MENCETAK LULUSAN BERJIWA ”ENTREPRENEUR”, Pikiran Rakyat, Rabu, 21 Nopember 2007

oleh : Ajeng Kania

Orientasi siswa dan mahasiswa kita setelah lulus berlomba-lomba untuk menjadi ”pegawai”. Secara budaya, status ”pegawai” apapun jabatan yang disandangnya cenderung lebih mendapat pengakuan masyarakat.

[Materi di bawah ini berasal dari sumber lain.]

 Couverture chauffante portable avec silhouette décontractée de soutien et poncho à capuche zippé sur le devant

Tak heran, setiap kali ada penerimaan CPNS seperti sekarang ini selalu disambut antusias sarjana kita. Sementara, para pencari kerja rela berdesak-desakan dan antri membeli tiket di Bursa Tenaga Kerja sekadar mencari informasi lowongan kerja ditawarkan perusahaan swasta. Mereka berjuang sekuat tenaga, tak heran beberapa orang menempuh ”jalan pintas” demi memperoleh status ”pegawai”, padahal di antara mereka ada memiliki usaha tergolong berhasil.

Itu tak lain karena budaya priyayi masih begitu kental menempatkan sosok pegawai sebagai pekerjaan terpandang. Tak heran entah guru, teman lama, atau calon mertua pasti akan bertanya soal pekerjaan ”bekerja di mana?”.

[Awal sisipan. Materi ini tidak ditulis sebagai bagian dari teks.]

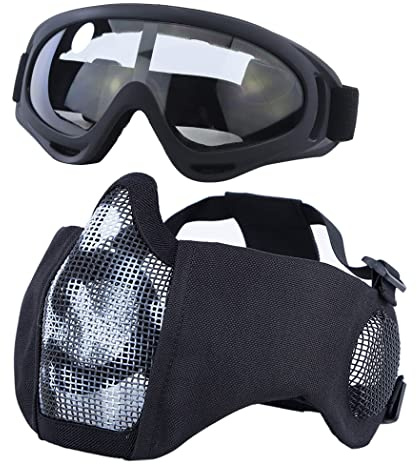 Yzpacc Airsoft Mask with Goggles, Foldable Half Face Airsoft Mesh Mask with Ear Protection for Paintball Shooting Cosplay CS Game (WB)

Melihat fenomena ini, esais terkenal, Jakob Sumardjo dalam sebuah artikelnya menyebut bahwa Indonesia memang negara pegawai. Ia memberikan sebuah perbandingan, mereka yang membuka usaha sendiri di rumah, meskipun sukses besar, cenderung menganggap dirinya ”tidak bekerja”. Untuk menutupi harga dirinya, ketika ditanya pekerjaan, umumnya berlindung dibalik profesi ”wiraswasta”, sebuah eufimisme untuk menutup nasib ”malang”-nya karena bukan seorang pegawai.

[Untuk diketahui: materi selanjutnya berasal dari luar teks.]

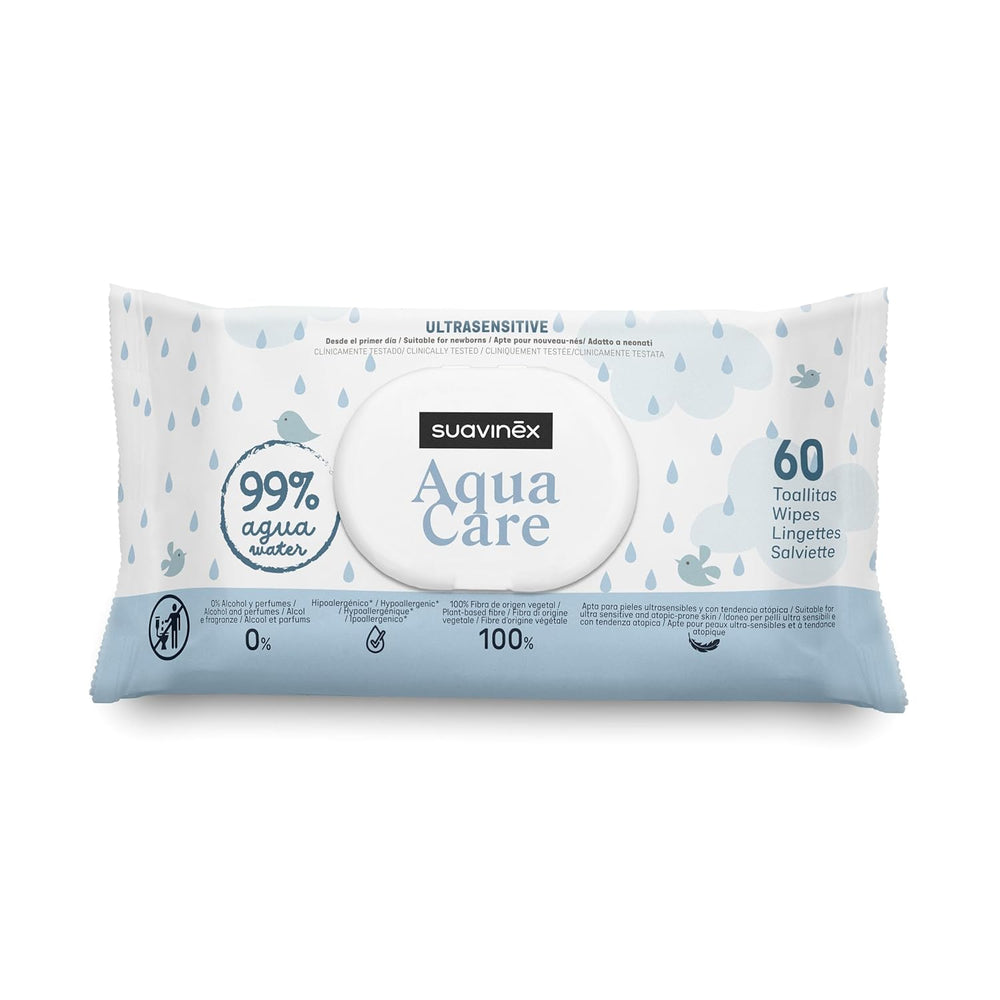Suavinex Aqua Care Baby Wet Wipes 60 Count Lingettes nettoyantes 99 % d'eau Fibre végétale Aloe Vera Sans parfum Sans alcool Testé dermatologiquement Convient aux peaux sensibles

Padahal, usaha kecil yang ditopang jiwa entrepreneur (wirausaha) terbukti cukup tangguh menyangga ekonomi negeri ini dari kehancuran di saat krisis moneter. Mengingat fungsi strategisnya bagi ketahanan ekonomi nasional, upaya menanamkan jiwa entrepreneur sejak dini sangatlah penting untuk menciptakan generasi mandiri yang tangguh. Mentalitas entrepreneur menurut Bambang Suharno dalam buku best seller-nya ”Langkah Jitu Memulai Bisnis dari Nol” memiliki dua ciri, yaitu :
(a) jika mengeluarkan orang, sebagian uang yang keluar bisa kembali. Berbeda dengan orang bermental karyawan, ia akan membelanjakan uangnya untuk sesuatu yang tidak kembali;
(b) jika mengerjakan sesuatu, segera mencari penggantinya.

Artinya, seorang entrepeneur tak akan asyik berkutat pada pekerjaan teknis, ia segera mendelegasikan kepada orang kepercayaannya dan ia segera mencari peluang usaha baru.

Sayangnya, budaya pendidikan di Indonesia kurang mendukung pengembangan jiwa kewirausahaan sehingga menghambat pelajar untuk mengembangkan daya kreativitasnya. Kasubdindikmen Dikdik Jabar, Syarif Hidayat, Drs. M.Pd, (PR, 6/11) mengakui bahwa pengenalan keterampilan seperti entrepreneurship sangat diperlukan, namun perlu peran dari sekolahnya sendiri, karena kurikulum tidak melengkapi sekolah untuk memberikan pengenalan mengenai kewirausahaan atau kompetensi lain di luar pelajaran resmi.

Pihak sekolah diharapkan dapat menjembatani minat wirausaha siswa dengan membuat komunitas atau menghidupkan koperasi sekolah sebagai sarana melatih jiwa wirausaha siswa. Sebuah cara efektif membangkitkan minat wirausaha siswa direncanakan untuk mengundang entrepreneur sukses berbagi (sharring) pengalaman atau sebaliknya, siswa melakukan kunjungan ke lokasi industri rumah tangga yang berhasil. Pihak sekolah bisa juga memfasilitasi seperti menggelar acara bazar dalam rangka menyambut hari tertentu. Tujuannya memberi ruang untuk produk kreatif siswa seperti: kue-kue, makanan, kerajinan tangan, hasta-karya, dsb sekaligus tolok-ukur respons konsumen.

Pendidikan jiwa wirausaha di sekolah tidak selalu identik dengan berbisnis, namun lebih ditekankan dapat membentuk sikap seperti: pribadi mandiri, memiliki kecakapan hidup (life skill) dan melatih kepemimpinan (leadership) siswa di masa depan. Mandiri, siswa mendayagunakan potensi diri dan kreativitasnya untuk ”menghasilkan” minimal mencukupi kebutuhan dirinya sendiri. Siswa pun cakap mengelola keuangan berkaitan hal-hal produktif, termasuk menjadi konsumen yang ”pintar” tidak gampang terbujuk rayu iklan-iklan. Satu hal lagi mencetak seorang entrepreneur, bukan saja pemilik sekaligus direktur (pemimpin usaha).

Dengan jiwa entrepreneur, seorang sarjana tak harus selalu menunggu pengumuman CPNS atau lowongan perusahaan untuk memulai kiprahnya. Seorang entrepreneur akan memanfaatkan otak kreatifnya sebagai modal utama untuk memulai usaha. Memulai bisnis tak harus dengan modal besar. Seorang entrepreneur akan mengubah paradigma ”lulus mencari kerja” menjadi ”lulus mencipta kerja”.